# Request for full MS! Then ten minutes later another agent rejected the same full ...



## Turniphead (May 31, 2017)

Hi

This is like a rollercoaster on LSD - very crazy. I looked at my inbox and there was a full request for my new novel from a well known agency; so I was overjoyed and was just about to celebrate and go and by the champagne when I noticed an email from a different agent (very big) rejecting my full, saying it wasn't quite right for them. 

This must break some records somewhere along the line. So I was super up for literally ten minutes when I got a request for a full MS, then ......... disaster - my initial full was rejected by the other guys.

So now I'm a bit depressed - having two fulls out there was amazing after sending out 13 manuscripts. And now it's only 1. 

I guess I'm doing something right and politely asked the guy who rejected me why it didn't 'fit with him'.

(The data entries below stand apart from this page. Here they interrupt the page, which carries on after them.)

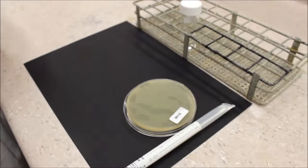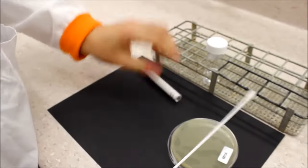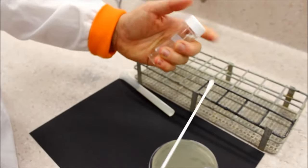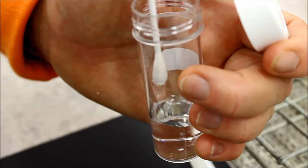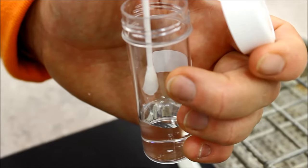Swabbing a plate. Soak a sterile swab in the suspension and press against the inner wall of the saline tube to remove excess fluid.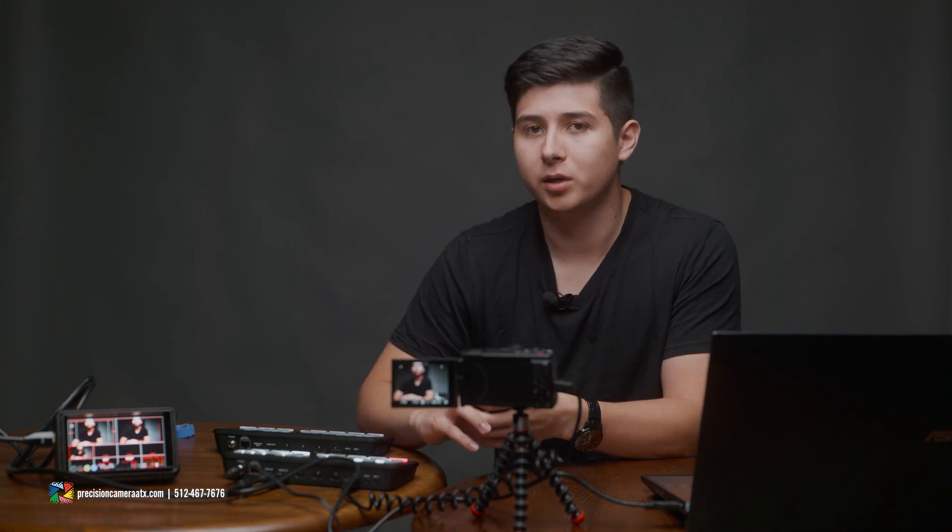So that is the very basics of the ATEM Mini Pro series and how to get it set up for live streaming. If you liked this how-to video, leave a comment below and let us know if there are any other how-to videos you'd like to see. Drop it in the comment section below and we'll try to get to it. And remember - like, share, subscribe, and we'll see you on the next video.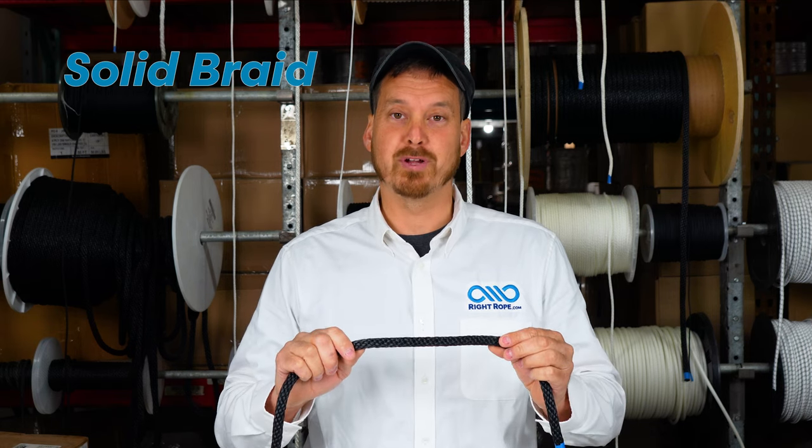Hi, I'm Phil. Our goal at Right Rope is to get you the right rope at the right price and provide excellent customer service. Today we're going to talk about solid braid rope.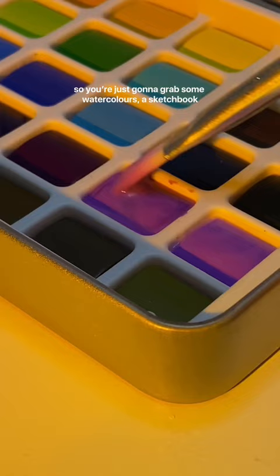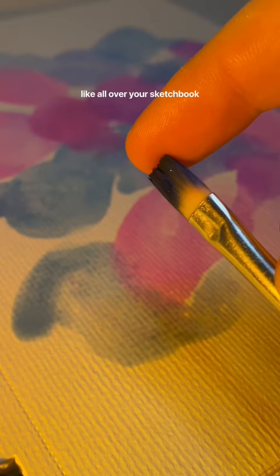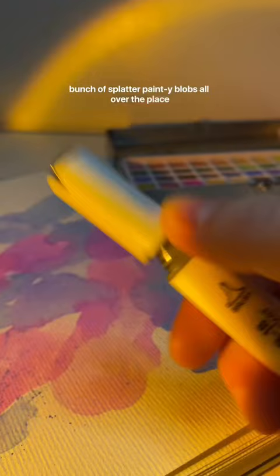So you're just going to grab some watercolors and a sketchbook, paint a bunch of random blobs all over your sketchbook. Then take a brush and just splatter a bunch of paint-y blobs all over the place. Then grab a black marker and just draw or letter whatever the heck you want on top of that, and voila!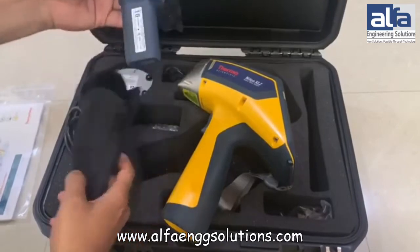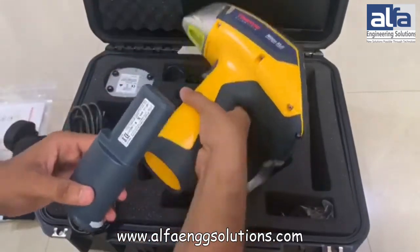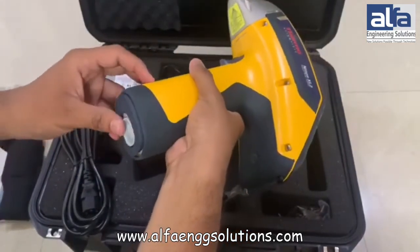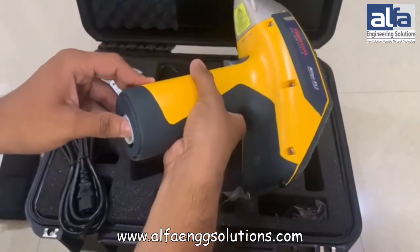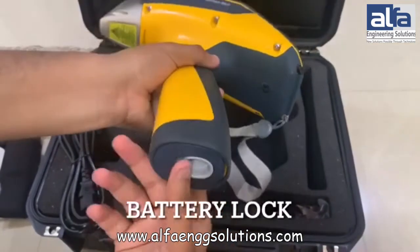I am going to show you how to connect the battery with the device. The battery has an auto lock feature which automatically gets locked when the battery is inserted into the device.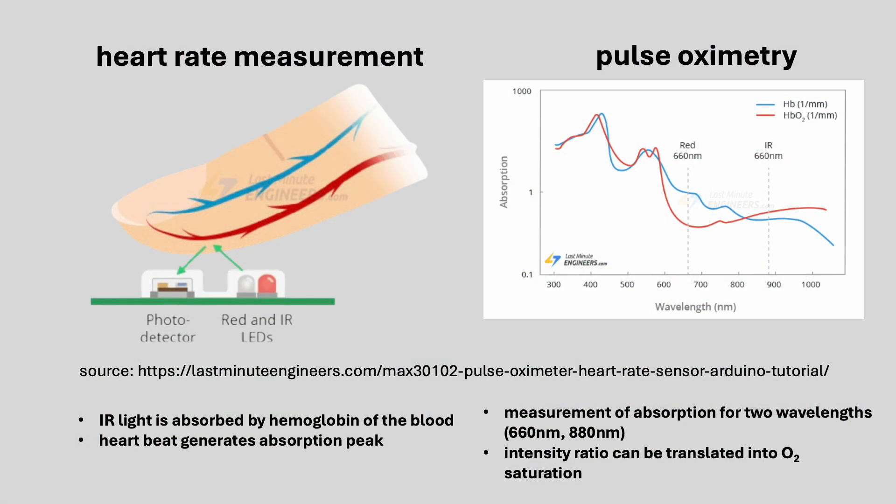This device uses an optical sensor that emits infrared light and detects how much of it is absorbed by the blood in your fingertip. With every heartbeat, the absorption changes slightly — this is what the sensor picks up. These variations are used to detect individual pulses and calculate the heart rate. Although the sensor is capable of measuring blood oxygen levels as well, that feature is not yet implemented in this version of the software.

I used to love playing poker and to be honest, trying to get a book published is very similar in terms of the emotional ups and downs - there just isn't enough valium in the world to calm me down right now - but hey, I'm a writer, so it would make a good short story. Oh well back to sending out the MS. Whenever I get a rejection I always respond to it by sending more out there.


Bit downhearted though.

Turnip


----------



## Phil Istine (May 31, 2017)

Even with that, you have got further than most.


----------



## Turniphead (May 31, 2017)

Thanks a lot. But it still feels like the air is popped from my balloon ......... oooooo sinking balloon.

:sulkiness:


----------